最近G1レースがやたらと荒れているせいか、競馬ファンが人気馬に対する不信感を募らせているような雰囲気があり、「買われすぎの穴馬」の割合はかなり増えている気がする。逆に強い競馬を見せているのに、「データ」とか、「距離不安」とか、「騎手」とか、競馬の知識がある人が嫌いそうな材料で人気を落としている馬の好走が目立つように思う。例えばデータならスイートピーステークス勝ちのカワカミプリンセス、距離ならウオッカスイープトウショウ、騎手なら高田潤ドリームパスポート。最近のG1レースでは過去のデータがどんどん役に立たなくなっていて、「こういう馬はこれまできたことないから」という馬が普通に好走してしまう。そういう馬は「全くダメな可能性がある」というリスクを感じさせるがゆえに人気にならないわけだけれど、競馬が常に多数派が搾取され、少数派が祝福されるゲームであることを考えると、そうやって「誰にも看過できるリスクがあるがゆえに人気を落としている馬」というのは、「買い」であるということが言えると思う。アグネスアークだって誰が見ても「馬体減りすぎだろ」と思うが、そんな逆境をはねのけて3連発。逆張り志向の人間は、みんながブレーキをかけるところで立ち止まってはいけない。競馬はチキンレースや!

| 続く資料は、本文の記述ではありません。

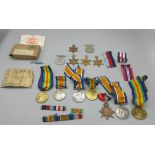 Collection of First and Second World War medals incl. x2 France and Germany Stars, 1939-45 Star, The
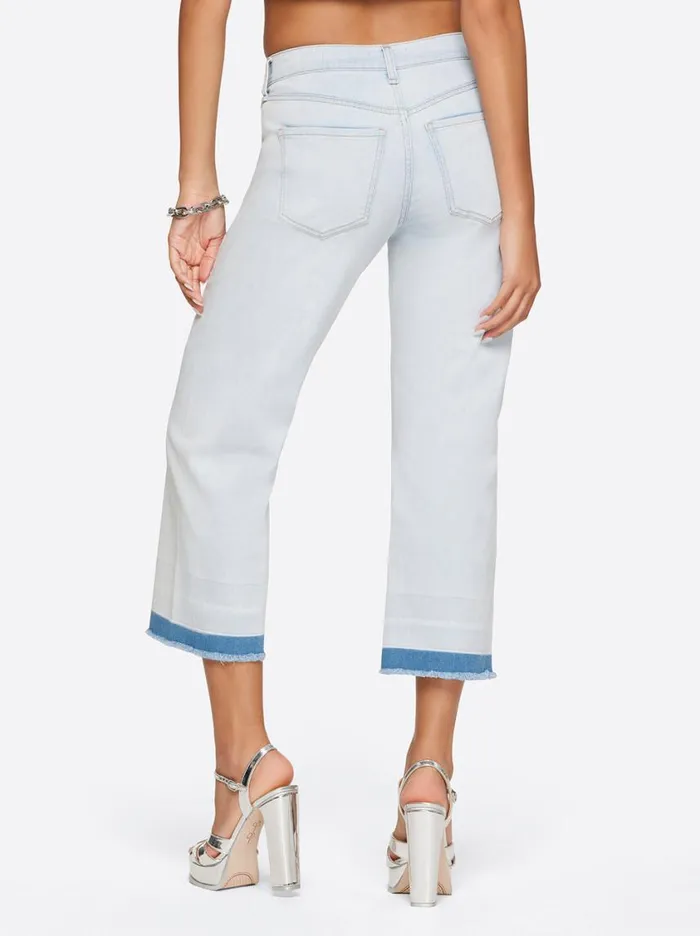 Women Denim Jessica Simpson Melody Wide Leg Crop In Rejoice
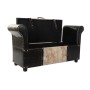 Banquette DKD Home Decor  Rouge Noir Beige Marron PU Bois MDF (113 x 40 x 61 cm)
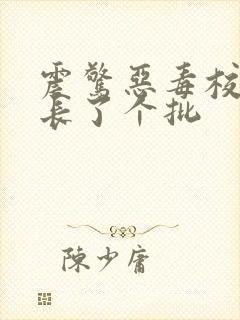 震惊恶毒校霸竟长了个批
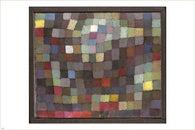 ORIENTAL PLEASURE GARDEN paul klee VINTAGE PAINTING art poster UNIQUE 24X36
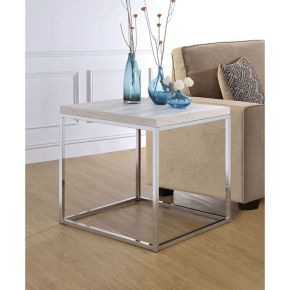 ACME 84627 Snyder - End Table - Chrome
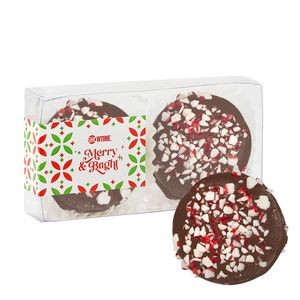 Belgian Chocolate Oreos® Gift Box - 2 pc. Milk Chocolate Peppermint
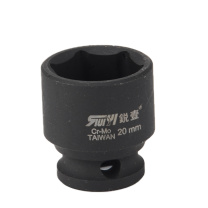 锐壹 外六角套筒 H20 3/8” 长度36mm 六角风炮汽车维修重型套筒气动套筒头 10个/包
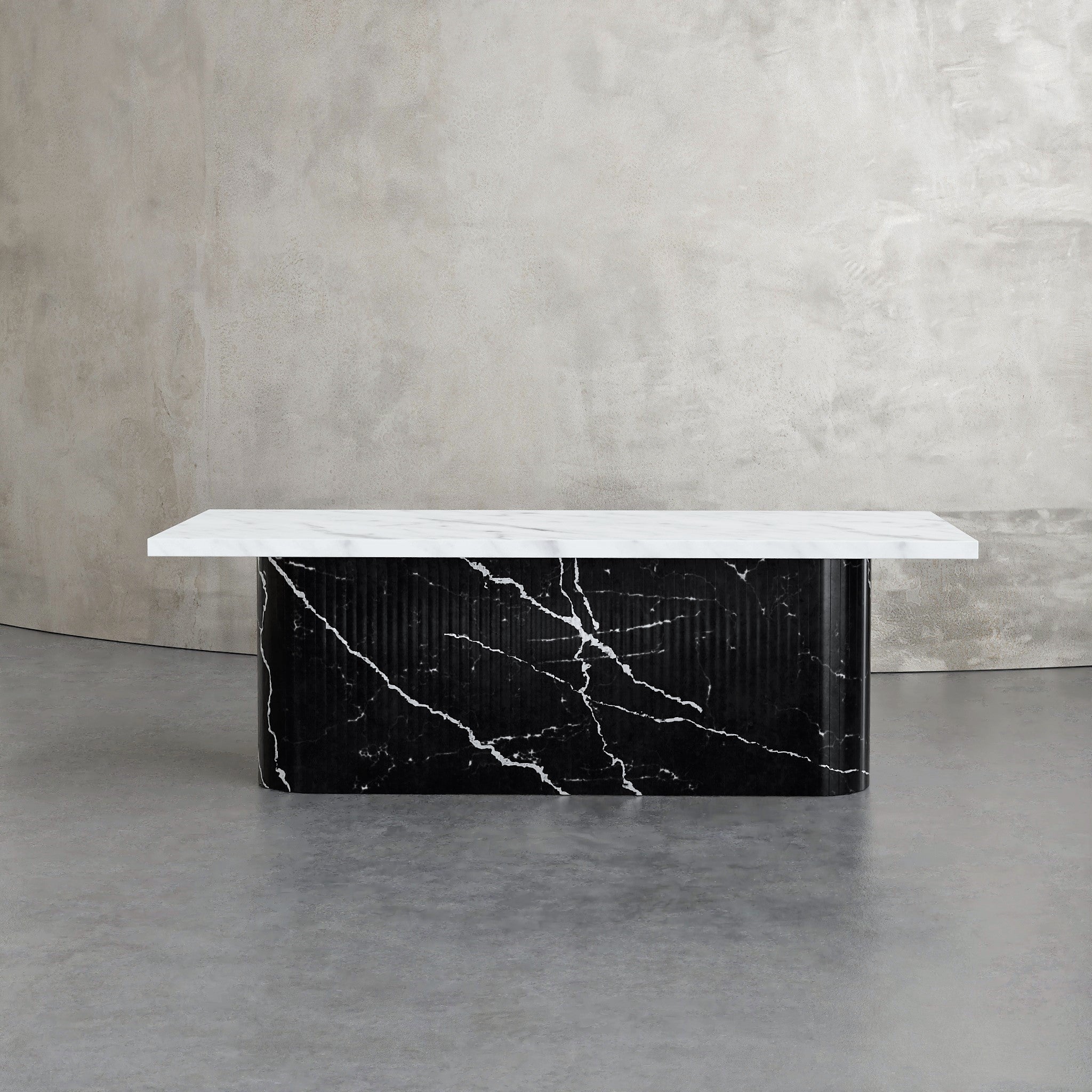 Fula Marble Desk With Drawer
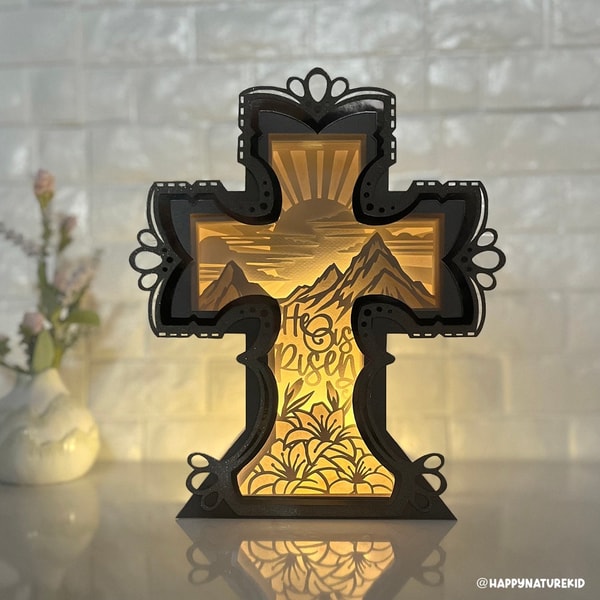 Cross shadow box svg, Easter shadow box svg, Resurrection sh | Inspire ...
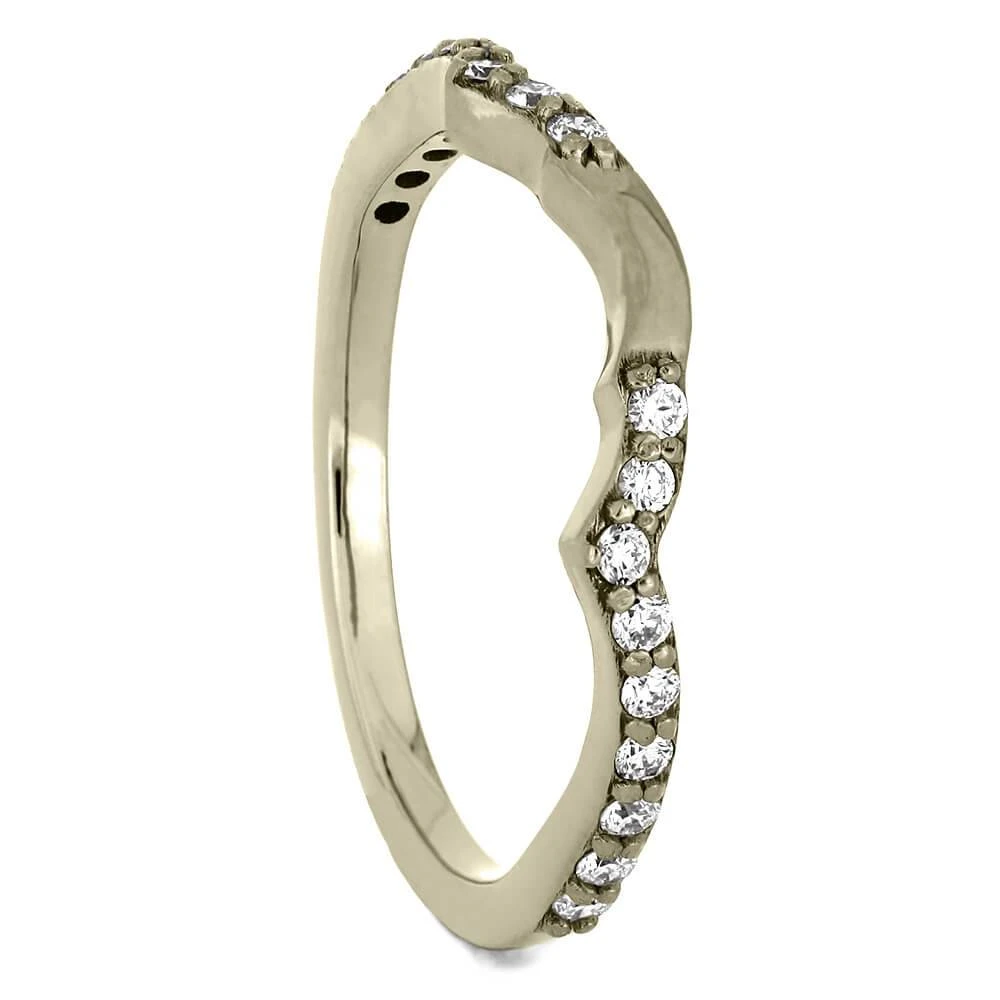 Meteorite Bridal Set With Diamond Twist Design 6 Meteorite Bridal Set With Diamond Twist Design - Image 4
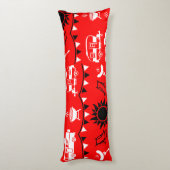 Caravan Camping Decor Lichaamskussen (Achterkant (Verticaal))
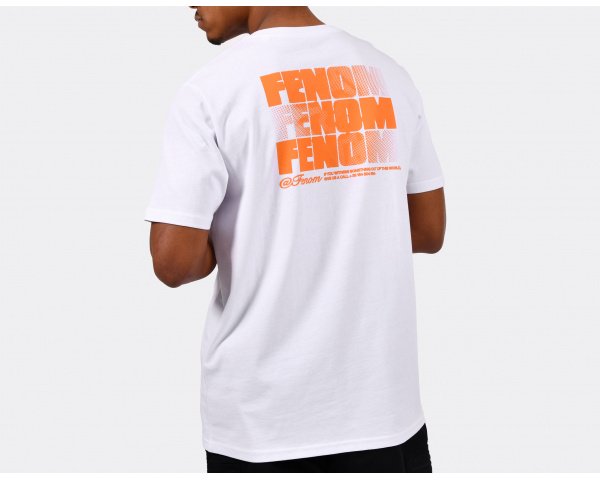 Fenom Tri-Logo T-Shirt - White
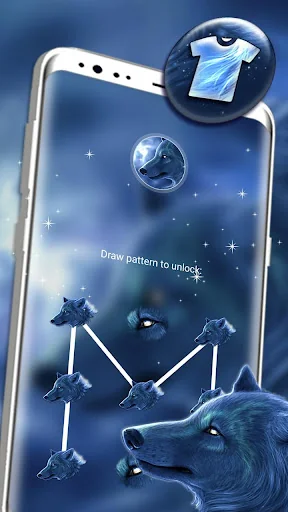 Mystical Wolf Launcher Theme screenshot 4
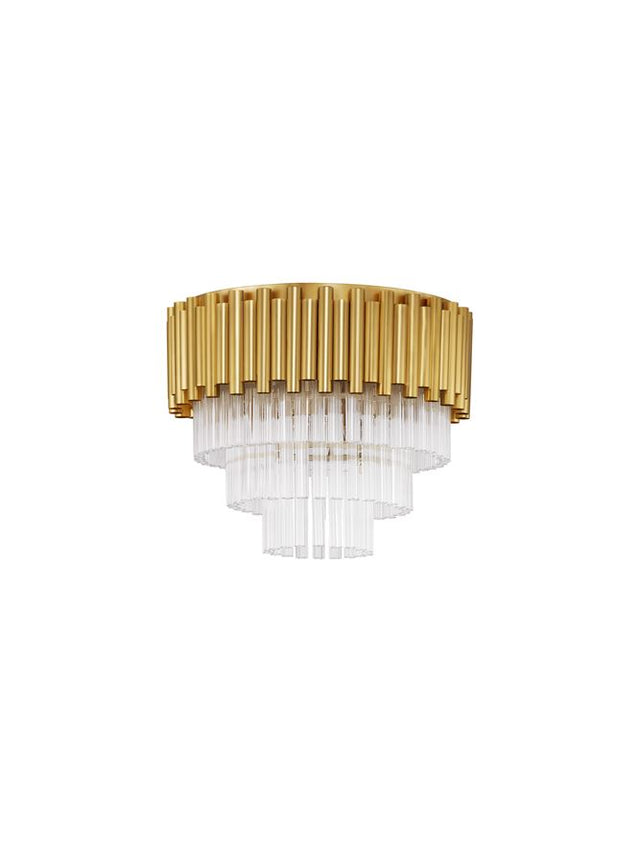 MAGNOLIA Gold Aluminum & Crystal (96 pcs) LED E14 5x5 Watt 230 Volt IP20 Bulb Excluded D: 40 H: 32.5 cm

●だから東京大賞典フリオーソなんて買ってるようじゃダメなんですよね。いや、ほんとは買いたいよ。買いたいけど、こんなのみんな買うじゃん、どう考えたって。誰の目から見ても「買い時」じゃん。自分程度に「あー、この馬、大井でのパフォーマンスが強かったからな。前走JCDのキツイレースを負けた後で人気落ちるなら絶対買いだな」なんてバレてるってことは、今のレベル高い競馬ファンなら多分10人中8人がおんなじこと考えてますわ。無理無理。当たったところでヴァーミリアンとの馬連でどうせ4倍ぐらいだし。パスパス。